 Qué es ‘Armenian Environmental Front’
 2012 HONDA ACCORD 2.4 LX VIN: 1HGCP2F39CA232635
##############################
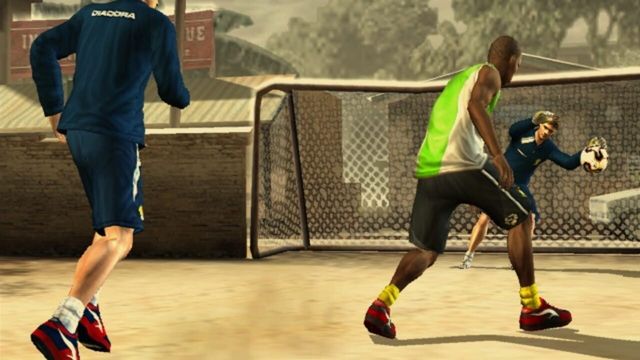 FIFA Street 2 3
##############################
WHAT YOU HAVE TO DO:
The response must hold only the lines above from the line with "Qué es ‘Armenian Environmental Front’" through the line with "2012 HONDA ACCORD", each copied exactly, both ends kept.

ANSWER BELOW:
 Qué es ‘Armenian Environmental Front’
 2012 HONDA ACCORD 2.4 LX VIN: 1HGCP2F39CA232635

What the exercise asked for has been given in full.